Наконец, третья метафора (в дополнение к бандам и племенам) – метафора церемониала. Это разработка Михаила Соколова из Санкт-Петербурга – еще одного яркого социолога науки. Наука, говорит он, - это своего рода этикет, церемониальная цепь взаимодействия. Все, что вписывается в эту церемониальную модель (т.е. совершается по правилам этикета), является наукой, а то, что не вписывается, – ею не является. Но тут я рискую исказить аргумент, услышанный в его устном докладе, поэтому подождем большой статьи на эту тему и уже тогда разберем метафорику церемониала более подробно.

Конечно, есть еще два десятка метафор «политических» – наука в них представлена разновидностью политического противоборства. Но их я оставлю за скобками по соображениям вкуса и из недостатка времени: даже краткий их обзор отнял бы у нас остаток вечера. (По тем же причинам я не стану говорить о метафорах экономических – для этого есть специально обученные люди.)

Мой тезис таков: социологизм, примененный к себе самому, подрывает свои собственные основания.  Когда мы фокусируемся на социальных формах производства, конструирования и распространения знания, само знание оказывается за скобками. В этот момент нам совершенно нечего сказать о том, например, что же в работах Дюркгейма способствовало или препятствовало его классикализации. Мы говорим о том, какую позицию он занял в политическом споре и через это указание объясняем его классичность.

Требование «объективировать себя как исследователя», исходящее от рефлексивной социологии П. Бурдье, не решает, а усугубляет проблему[20]. Установка на «объективацию» познающего субъекта основывается на том, что знание зависит от социальной обстановки его производства, как сыр зависит от производящей его фабрики. Соответственно, нужно объективировать «позицию производителя на рынке» и «инфраструктуру фабрики», но не сыр per se.
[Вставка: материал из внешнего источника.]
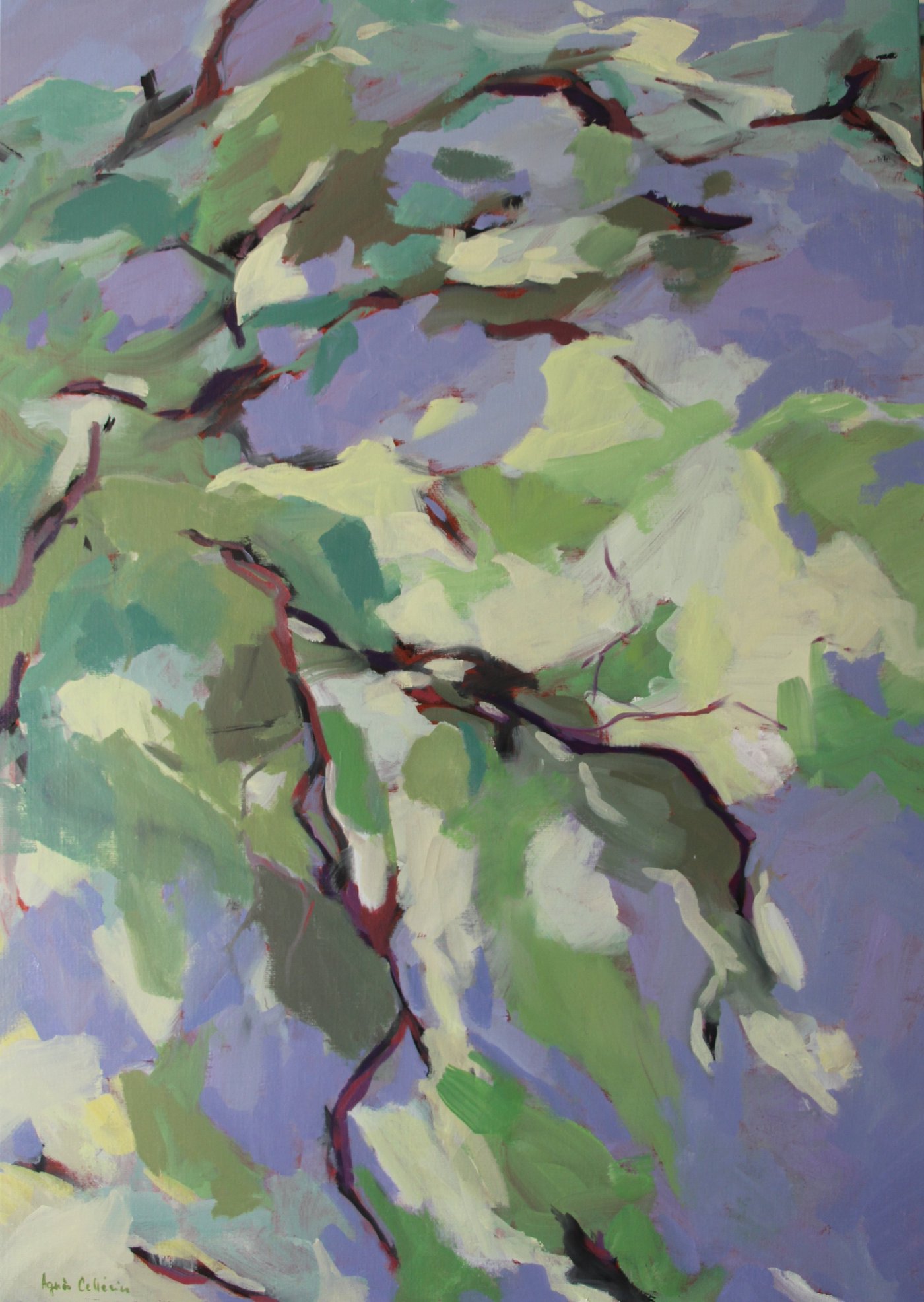 L'arbre centenaire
Прежде чем начать исследование, необходимо обозначить, к какой партии вы принадлежите, где вы учились, в каких отношениях состоите с такими-то и такими-то игроками в «поле», какова ваша позиция в этом «поле», и лишь объективировав себя, вы способны сделать исследование. Можно сколько угодно говорить об относительной автономии науки, но производимое вами знание останется производным от той социальной позиции, которую вы занимаете. Получается, что о самом знании дальше уже говорить смысла не имеет. Зачем говорить о сыре – нужно говорит о том, как устроена фабрика, и чьи потребности удовлетворяет производство.

Здесь появляется один побочный, но важный для нас сюжет, связанный с историей идей. В социологии знания социологистская аксиоматика утверждается раньше, чем в социологии науки (независимо от того, признаем ли мы социологию науки в качестве суб-дисциплины в социологии знания, самостоятельной предметной областью, совокупностью «теорий среднего радиуса действия» или «специфической формой рефлексии социологов»). Макс Шелер – один из тех, кто вводит эту аксиоматику. В работе «Формы знания и общество» он выступает как последовательный социологист: « … убеждение в реальности общества укоренилось в нас намного глубже, чем в реальности какого-либо иного предмета всех других сфер бытия и знания. В любой другой реальности мы еще можем “сомневаться”, оставляя вопрос о ней открытым, в то время как в этой реальности мы сомневаться не можем».[21] Такой разворот декартовой схемы «систематического сомнения» для защиты социологистского тезиса закономерно приводит Шелера к выводу о природе знания: «Из этого следует, во-первых, что не подлежит сомнению социологический характер всякого знания, всех форм мышления, созерцания, познания…». А, следовательно, и о задачах социологии знания: «…она должна прослеживать законы и ритмы, по которым знание стекает с социальных вершин (элит знания) вниз, и устанавливать, как оно здесь распределяется по группам и слоям с точки зрения времени, как, далее, общество регулирует распределения знания с точки зрения организации…».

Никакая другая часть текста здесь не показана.